Managers hold power. They have the ability to control and regulate the daily life of an employee. Their administrative mandate to observe, review, and divvy out work implicitly gives them the ability to determine how and when an employee works. Furthermore, the human condition subconsciously leads us to believe that those with such authoritative responsibility should be trusted more than those without.

This leads to a power dynamic. Every employee knows that their boss could make their life miserable. Furthermore, every employee knows that in the event of a dispute, the company is likely to take the side of the boss. This is especially true in workplaces where management consists of a very non-diverse group of people. 

This power dynamic is the fundamental reason why confidence is so often viewed as competence. In a recent podcast, with Dr Tomas Chamorro-Premuzic, Professor of Business Psychology at Columbia University & UCL, we explored the notion that a fundamental problem with the nature of work today is promotions. Instead of promoting the person who is going to best lead the team, the person with the most confidence gets promoted. To listen to the rest of the podcast, visit Forging the Employee Experience. To connect with Dr Chamorro-Premuzic visit him on LinkedIn or visit his website.

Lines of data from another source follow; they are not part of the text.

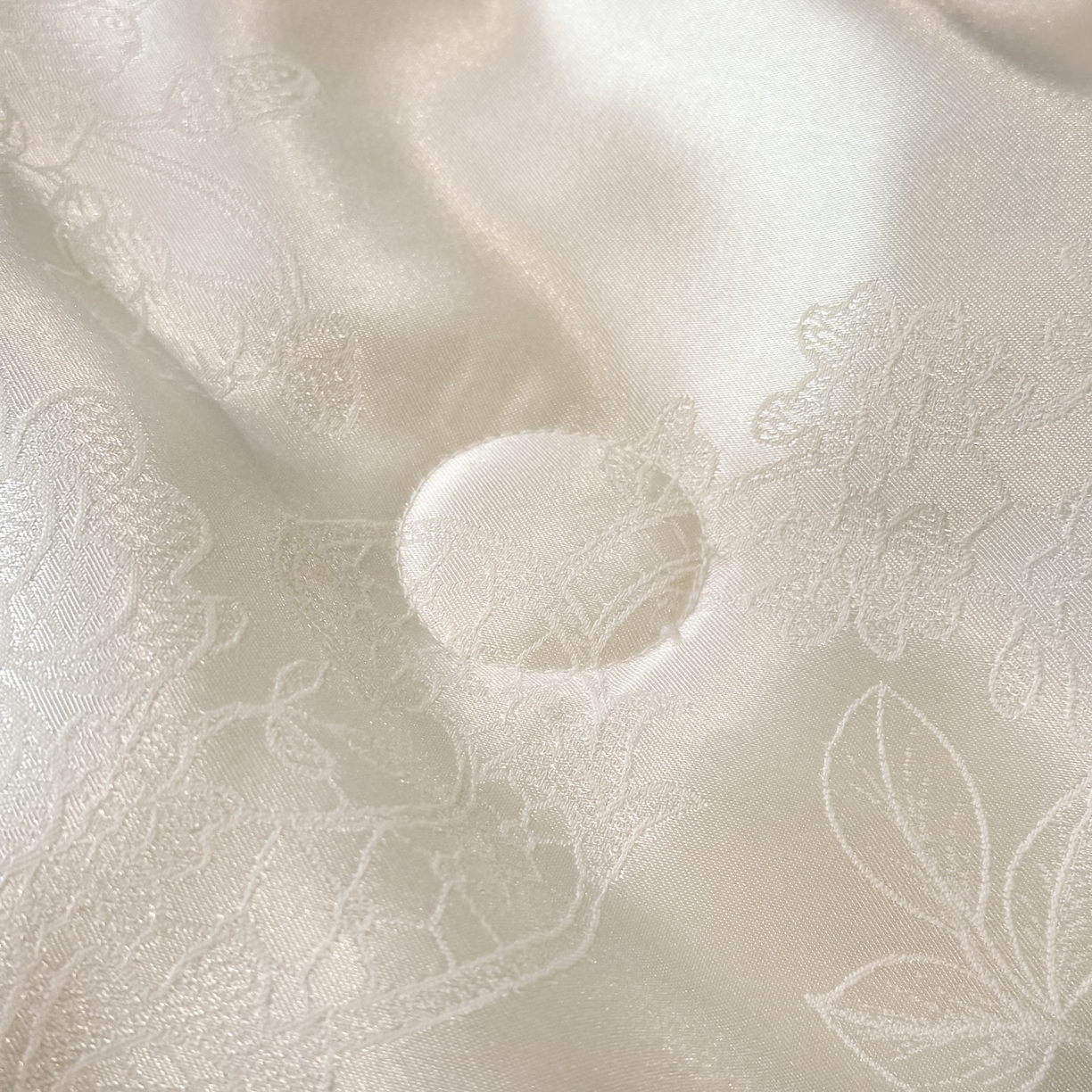 91家纺网 家纺一手货源 找家纺 博纳家纺 2026新款轻奢高端色织定位提花拼角镂空款夏被四件套冰丝凉感夏被四件套繁花魅影 象牙白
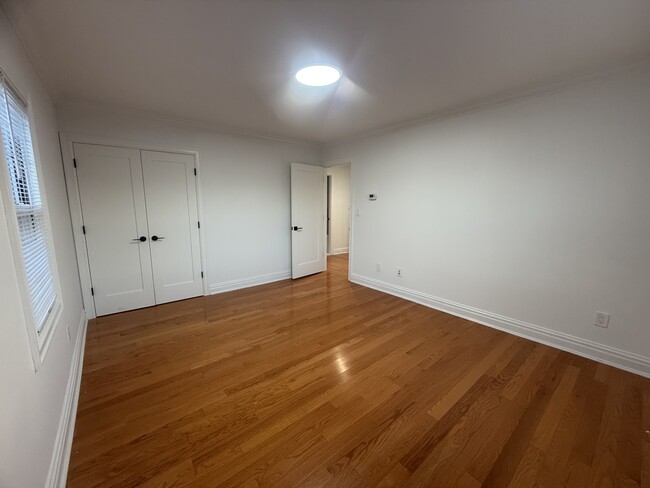 260 Gainsborg Ave E unit 2, West Harrison, NY 10604 - photo 4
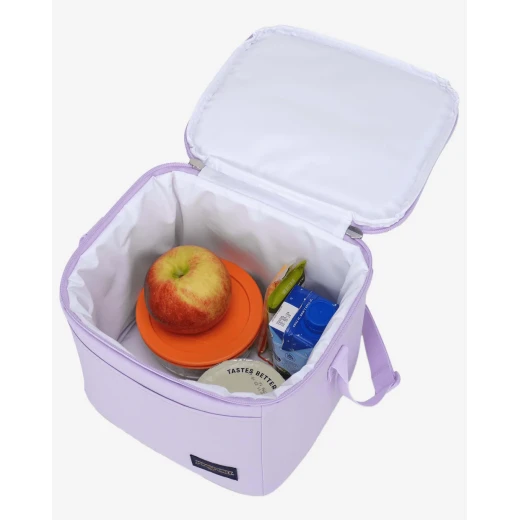 حقيبة غداء جان سبورت Super Snack باللون البنفسجي الفاتح Pastel Lilac، سعة 9 لتر، بحجرة معزولة وبطانة خالية من BPA وجيب أمامي وحزام قابل للتعديل - جان سبورت - Image 2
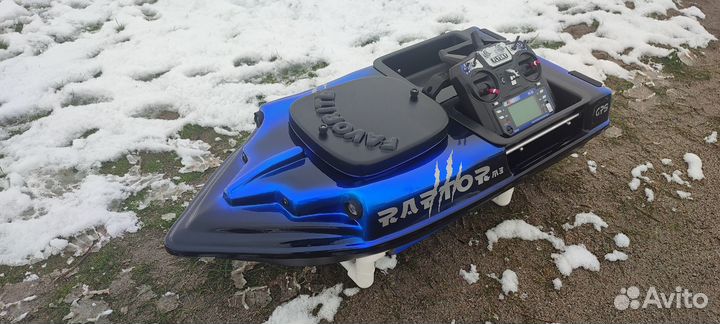 Кораблик для рыбалки с GPS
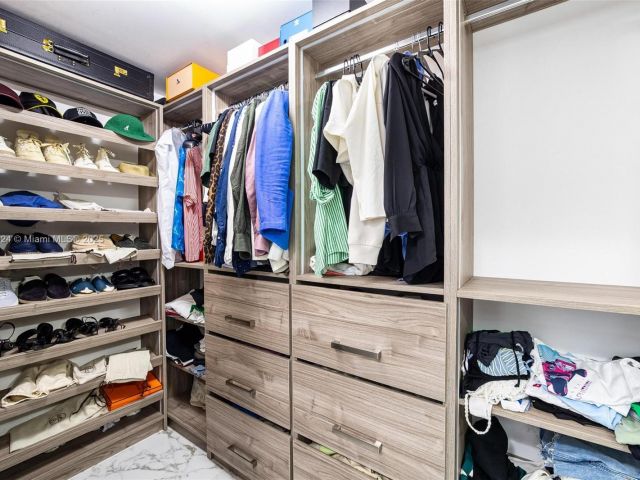 Продажа квартиры #1708 - фото 5899915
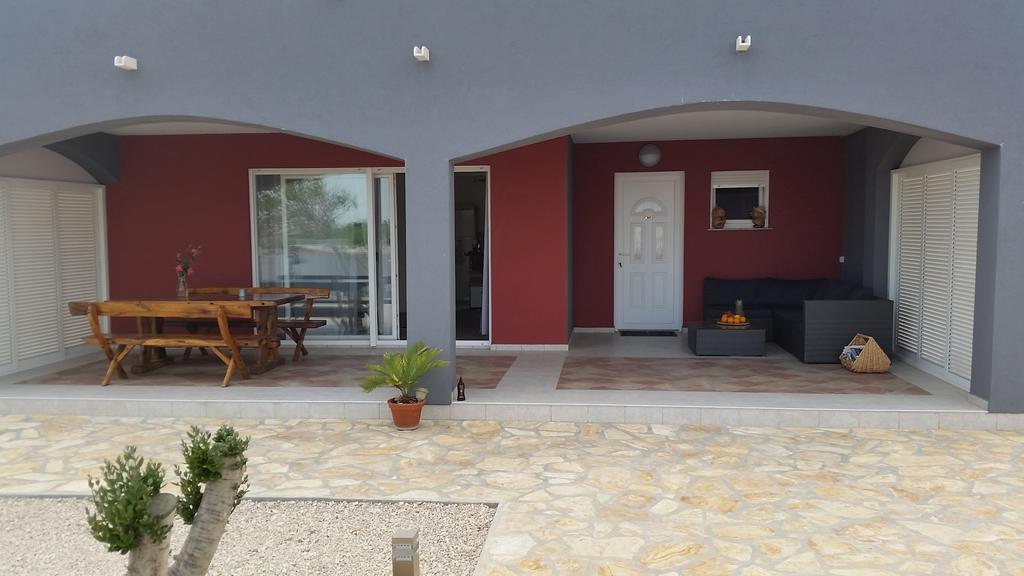 House With Swimming Pool Blue Diamond Apartment Povljana Phòng bức ảnh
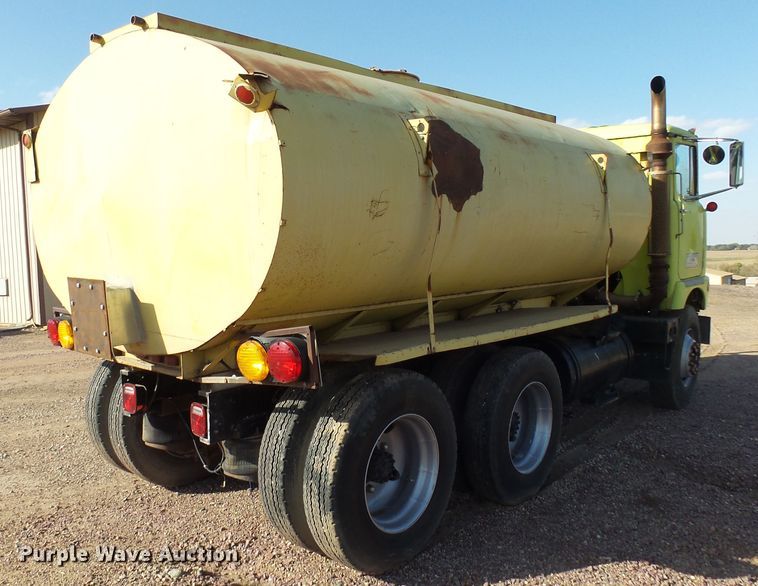 image for item EF9567 1968 Mack FL711LST tank truck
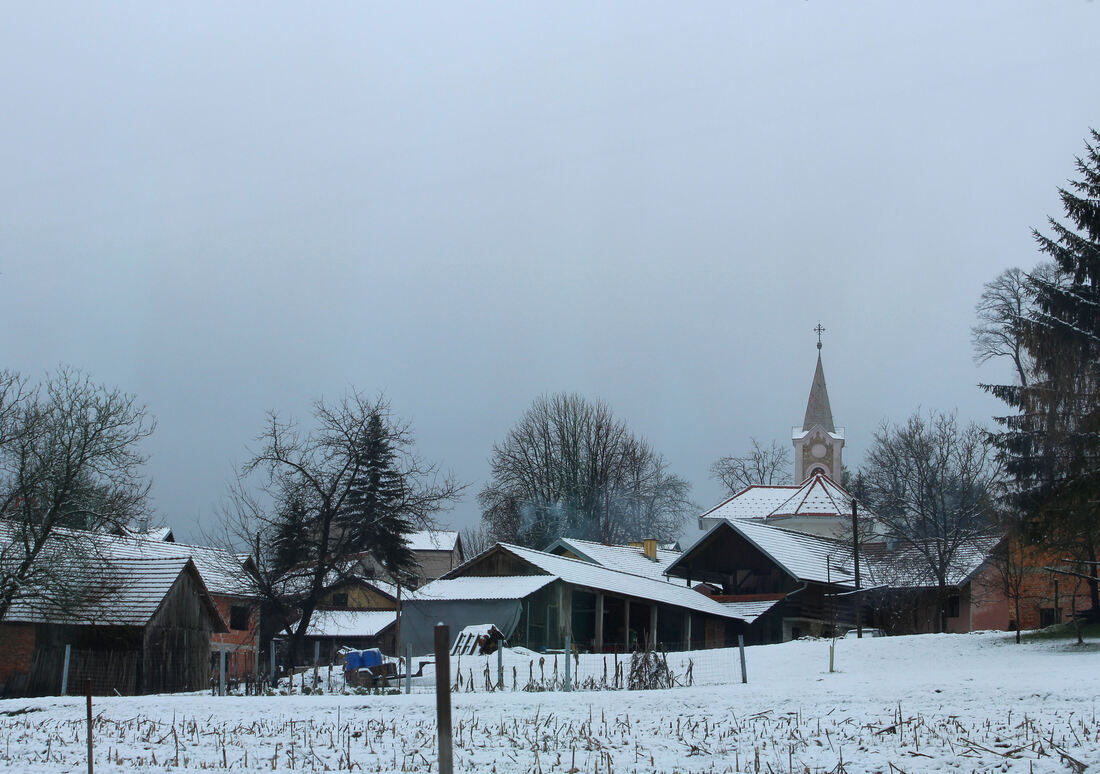 Selo Novigrad na Dobri s crkvom Uznesenja Blažene Djevice Marije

This practice is a recipe for poor employee experience. When people work for bosses they don’t like, they start working just for the paycheck. No one should have to work just because they want the paycheck. Everyone should be able to work in a place where they can feel like they are contributing meaningfully to the work being done. 

When we prioritize confidence over competence, we undermine the integrity of the work ecosystem by telling our employees that their performance is less important than their personality … which, by the way, wasn’t good enough to get them that promotion.

Entry- and mid-level managers have the absolute greatest influence on an organization’s culture and each employee’s experience at work. The system is set up for failure if the wrong people get promoted into positions of authority. Instead, we need to ensure that competence and leadership are the prevailing characteristics of the next wave of managers.